In Portland, the city's long wait list for community garden space spurred the invention of yard-sharing, in which local residents share their yard space with those who don't have plots of their own. Food not Lawns, another Portland organization, aims to bring the concepts of permaculture and food cycles into low-income communities, breaking the food access barrier that oftentimes limits those of lower socioeconomic status.
Seattle's city council is backing up its local citizens' desire to grow and share food by scrapping laws that prevent people from selling their own backyard produce. Plus, like Portland, Seattle has an "online dating site" that matches would-be gardeners with unused land available for farming. Over in Boulder, CO, where the term NSA was reportedly first mentioned, at least 30 families benefit from the harvest of what they're calling a "multi-plot farm." Put simply, that's 11 backyards and two church lots.
And of course, the Bay Area is weighing in with its winning hand. In San Francisco, former art students Brooke Budner and Caitlyn Galloway created Little City Gardens, an urban micro-farm. Budner told the San Francisco Chronicle that "There are a lot of obstacles in terms of how to enter the food economy as a really small producer." Still, she and Galloway are working hard at their small business and getting hugely noticed in the process.
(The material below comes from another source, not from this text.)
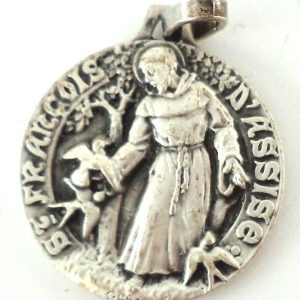 Saint Francis of Assisi silver-plated medal with birds, front view.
Last season, their salad mix, which includes a range of 25 greens, herbs, and edible flowers, was featured at Bar Tartine, one of the city's foodie hot spots.
At the risk of gushing, I can't explain how exciting this movement is—possibly revolutionary. The benefits are innumerable, but just to name a few: the use of vacant lots, the provision of healthy food in urban food deserts, environmental education within the urban centers, and best of all, folks being right neighborly toward each other. Take that, Archer Daniels Midland! What kind of neighbor are you?